My family's jewelry store runs on an old ERP backed by SQL Server. Every bill, every quotation, every tag of stock is in there — and getting any of it out means clicking through fixed reports or finding someone who writes T-SQL. One night in May I built the third option: a chat window. The first commit landed at 1:48am; by 3:55am the agent had a pipeline for grading its own conversations. Here's what got built that night, and what real use broke afterward.

Two fixed reports and a guy who knows T-SQL

The ERP is JSoft Extreme, and the version the agent talks to is a restored backup running in Docker on my machine — which matters, because it means the agent works against a real, messy, production-shaped dataset, not a toy schema.
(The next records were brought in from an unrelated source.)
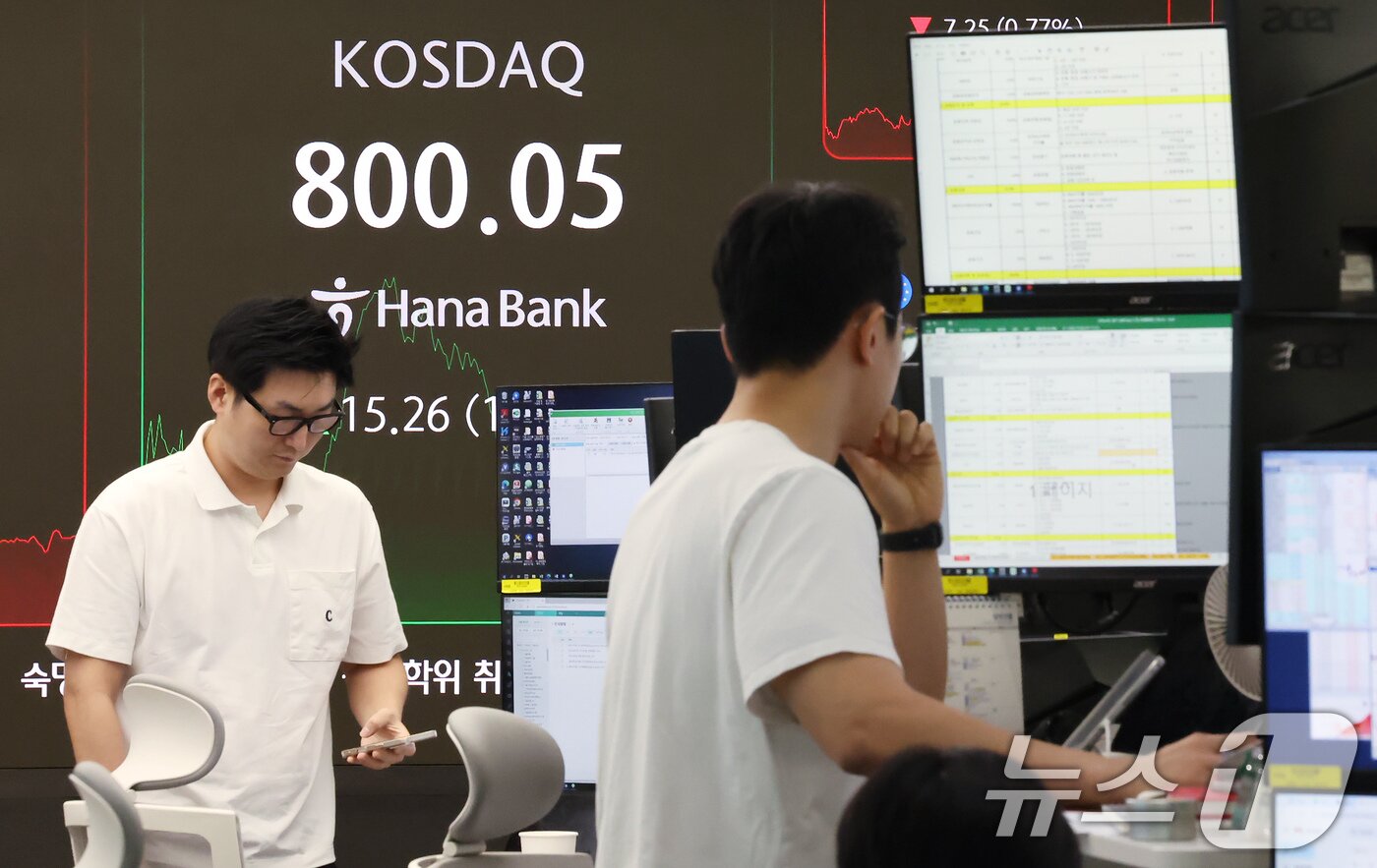 본문 이미지 - 24일 오후 서울 중구 하나은행 딜링룸 전광판에 송출되는 코스닥 지수가 장중 800을 넘어서고 있다. 2025.6.24/뉴스1 ⓒ News1 장수영 기자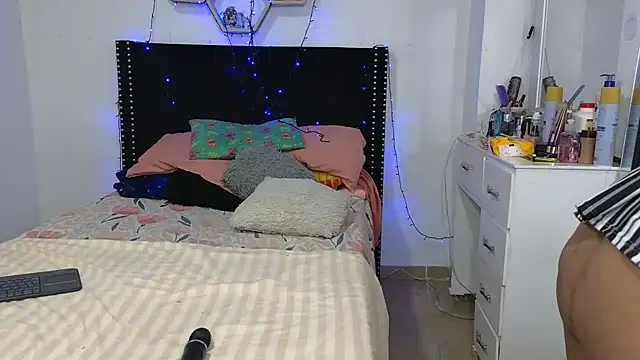 charlotte_077 Chat XXX in diretta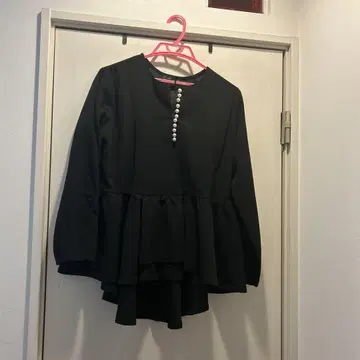 블랙 페플럼 긴팔 셔츠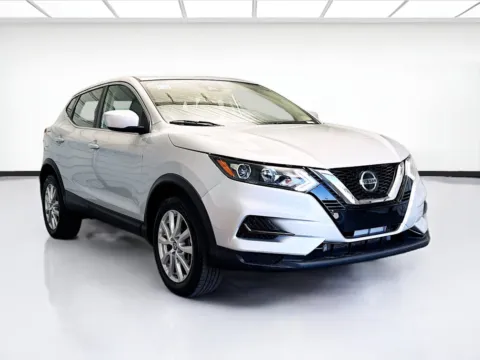 Another view of 2022 Nissan Rogue Sport S for sale in Montclair, CA at STG Montclair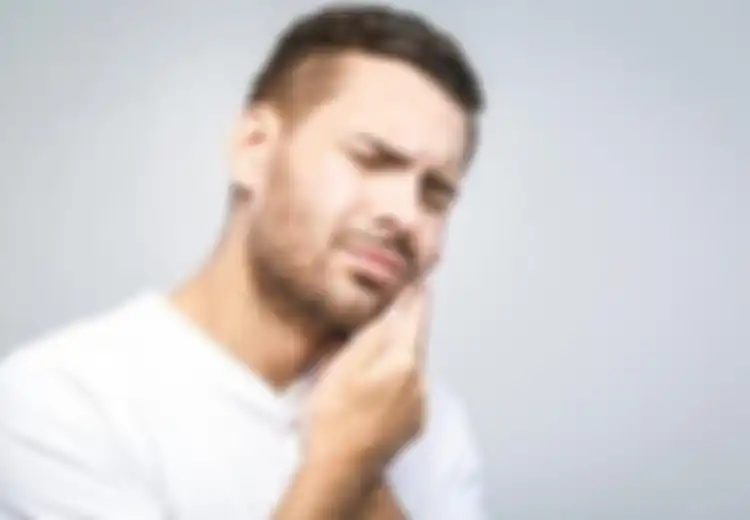 3 Obat Alami Paling Efektif Atasi Sakit Gigi, Salah Satunya 'Teh' Bawang Putih!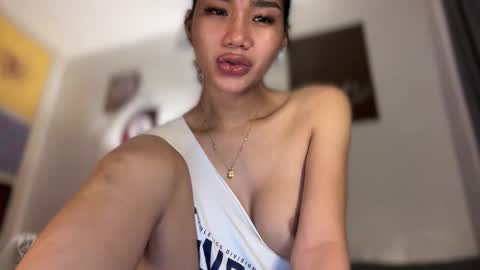 Snapshot of gwapangahas chatting on 12-19-25, 09:22 Alexa online show from 12-19-25, 09:22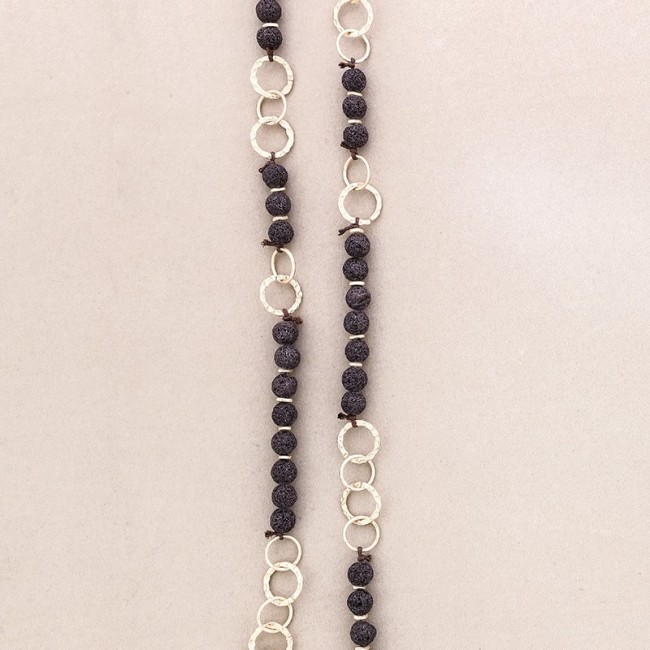 COLLAR LARGO CUENTAS LAVAS ANILLAS METAL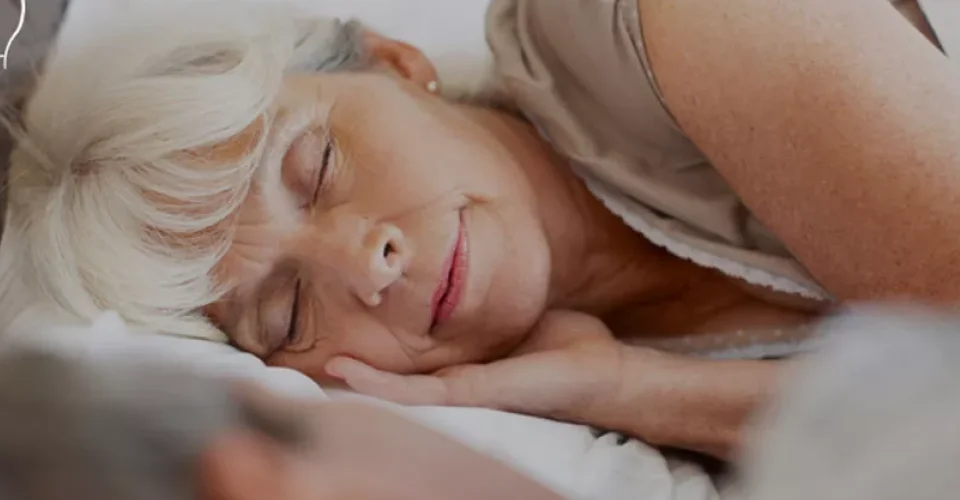 uma pessoa deitada em uma cama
The users are my family, who ask questions like "who sold the most this month?" and "why didn't last week's quotations convert?" — in a store that runs in Gujarati, which is why there's a toggle that tells the agent to answer in it.

The shape is two processes and a proxy. A Next.js frontend and a LangGraph JS server run side by side; the browser never talks to LangGraph directly — everything goes through a Next.js edge proxy, so the frontend only ever sees /api/*.

request Browser Next.js /api proxy LangGraph :2024
agent loop StateGraph 5 tools MSSQL (Docker)
observability OpenTelemetry Phoenix :6006 daily eval

The agent itself is deliberately boring: a two-node StateGraphagent → tools → agent — that loops until the model stops emitting tool calls. That's the part that took the least time all night. Everything interesting happened in the tools, the prompt, and the plumbing around them — starting with the part where the model was confidently wrong about my own store.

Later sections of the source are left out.